How to view and query our logs - alphagov/notifications-manuals GitHub Wiki

We have three logging systems:

  • Logit / Kibana - logs for Notify apps and cloudfront. Limited to 14 days.
  • AWS Cloudwatch - logs for Notify apps and things in AWS, such as EC2 instances.
  • AWS Athena - logs for CloudFront and AWS load balancers.

Logit / Kibana

This is our preferred way to search logs for Notify apps, since it's easier to search across all logs or a subset of them. You may need to switch to CloudWatch if you need logs over a longer period (more than 14 days), or if you want to do additional stats processing.
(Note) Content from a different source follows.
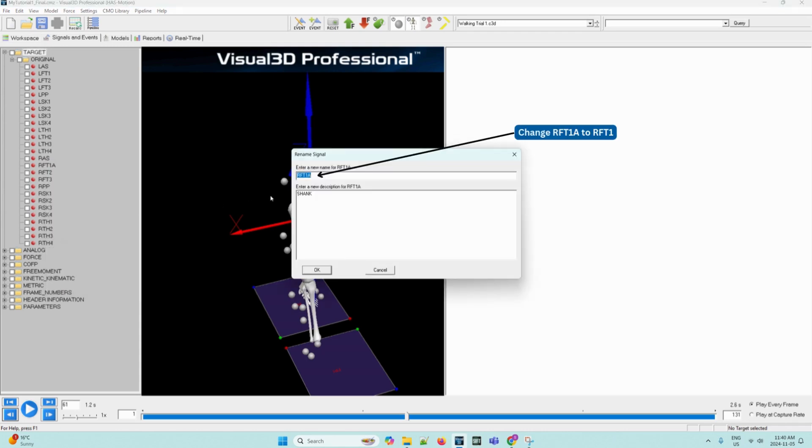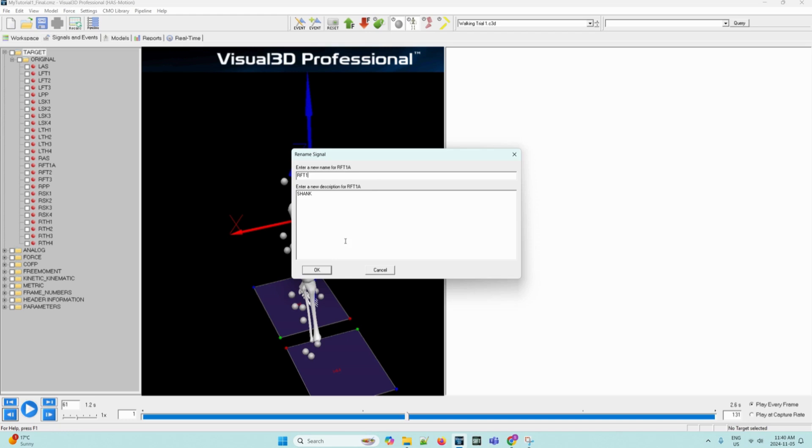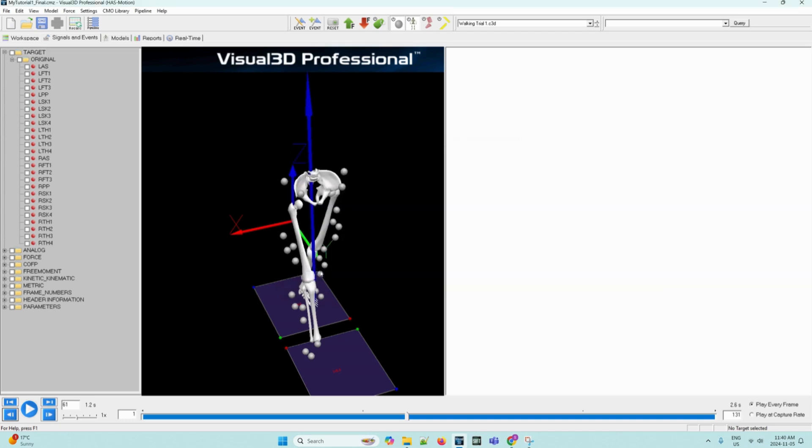In the Rename Signals dialog box, we can enter RFT1 within the Enter a New Name box. This will be the new name for RFT1A. This new name matches what is in the model file and solves the problem which did not allow the foot to be displayed. We can click OK.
How to search for error logs

levelname:ERROR OR status:[500 TO 599]

How to use it more generally

By default, all searches do a partial, case-insensitive match:

# search all fields for a string
"SES bounce"

# search a specific field (case insensitive)
levelname: error

# search a specific field (partial match)
path: "/documents"

You can also force an exact match on a field by adding .keyword:

# all logs for a specific Celery worker
application_name: notify-delivery-worker-periodic

Space are interpreted as "or". Use AND or && to match multiple terms e.g.

# logs containing 'pdfs' and 'upload' for a worker
application_name: notify-delivery-worker-periodic AND pdfs AND upload

AWS CloudWatch

We originally started using CloudWatch due to an issue with the syslog-drain mechanism we use for Kibana. While Kibana logs should be reliable, CloudWatch is still useful for long term storage (1 year vs. 14 days) and may be easier to do some advanced processing on data within log messages.

Cloudwatch logs can be found in the aws account the service is running in.

How to use it

  • Go to "Logs > Log groups" to see what's available. Each log group is roughly equivalent to a normal log file.
  • Go to "Logs > Insights" to query the logs. You need to select a log group in order to run a query.
  • On the right hand side, click the "Queries" folder to view any saved queries for that environment.
  • Running a simple query and then expanding the first result is a good way to see the fields available.
  • The default query refers to a @message field, but many logs don't have this field: use message instead.

Example queries

# logs containing 'pdfs' and 'upload' for a worker (selected as the log group)
fields @timestamp, message
| filter message like "upload" and message like "pdfs"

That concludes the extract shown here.